Unfortunatly I already got the topic for my my M.Sc Thesis, but a sample app without a parser and simplified expressions, left expressions and literals all annotated with the modifiers (final, public, …) should be enough to illustrate. Maybe I got time after my final exams on saturday.
(Ugh, that reminds I have to learn instead of having nice discusssions :()

Stupid me :frowning:

I got my error: Wrapper classes can be null, which prohibits replacing float** to float*. Some construct ‘NotNull’, like available in C# 2.0, would be needed to allow optimization under all circumstances. A solution would be Hashmap<String,NotNull>. (no flaiming please, since IMHO only providing anonumous methos instead of classes prohibits clean code - needless to say that the java implmenation is much more sophisticated since the accessed local variables have to be declared final, which make it more robust)

Summing up, although in the test situation I posted (frist code) and the math class for Jeff, this problem (null renderences) cannot occur since only float arrays are used and the wrapper class conversion occur only to allow generic interfaces.
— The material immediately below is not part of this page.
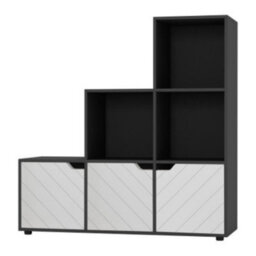Urbn-Living Urbnliving 91Cm Height 6 Cube Step Black Storage Bookcase Shelf Unit Line White Door - thumbnail 1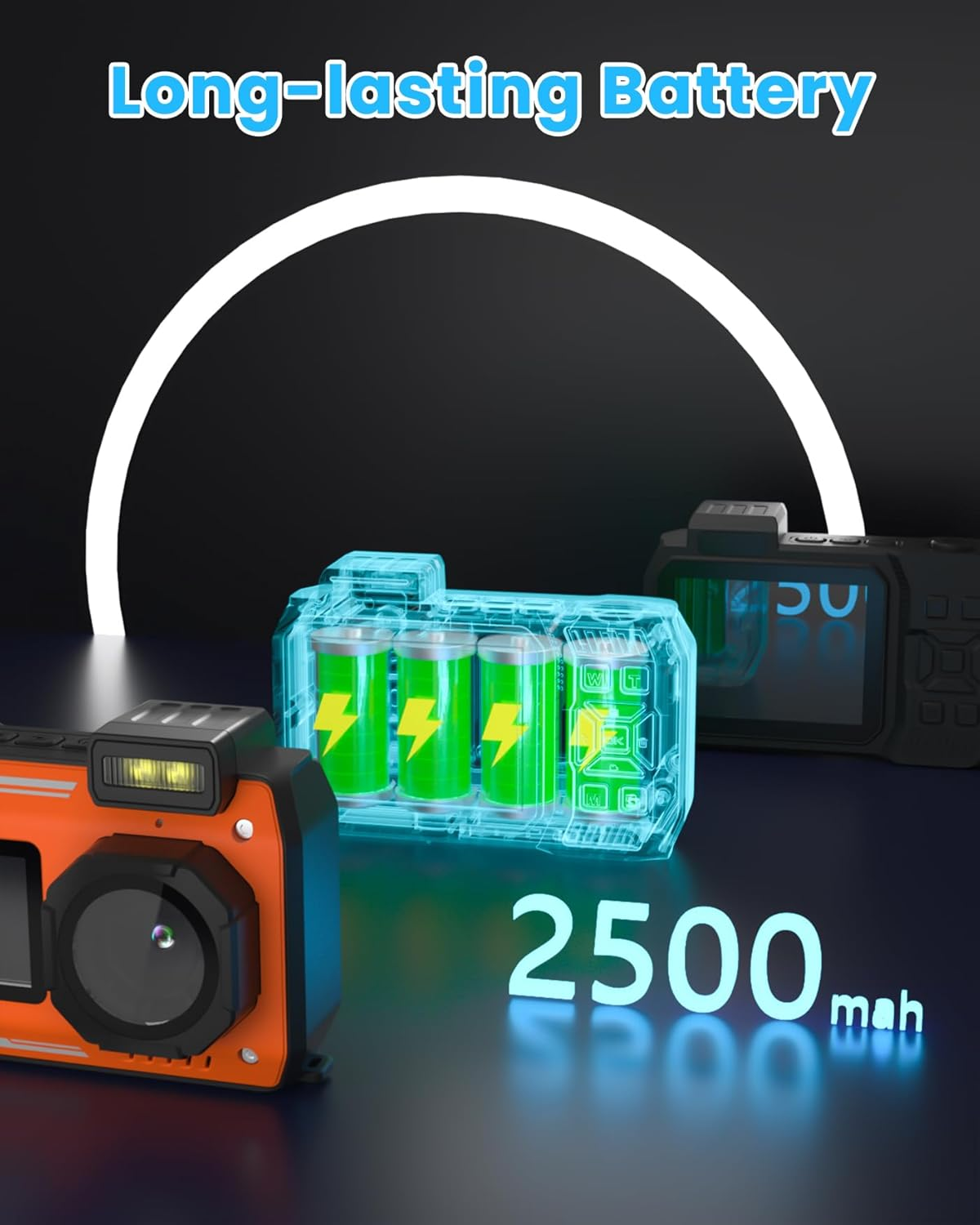 33FT Underwater Camera 4K 48MP Waterproof Camera Rugged Dustproof Shockproof, Autofocus Selfie Dual-Screen Underwater Camera for Snorkeling Diving Sport Floatable Digital Camera with 64G Card (Orange) image number 1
On the other hand with null beeing possible, this makes the optimization a special case, which probably is hard to implement by a JIT.

Sorry my fault.

I’m glad you solved your problemm. A last comment or so…

False economy. You will waste far more time running and analyzing microbenchmarks on what turn out to be non-issues in your real code then firing up a profiler and profiling your app. Read Abrash’s Zen of Optimization. One of my favorite quotes of his…

“Premature optimization is the root of all evil.”

Maybe you havent tried a Java profiler, btw. Once ypou have the Netbeans profiler installed running it is as Ieasy as clicking the button next to the run button in the IDE. Running any of the other professional profilers (eg OptimizeIt) isnt any harder.

Which, to reiterate, is why you profile your app, so you know what matters and why in your use case.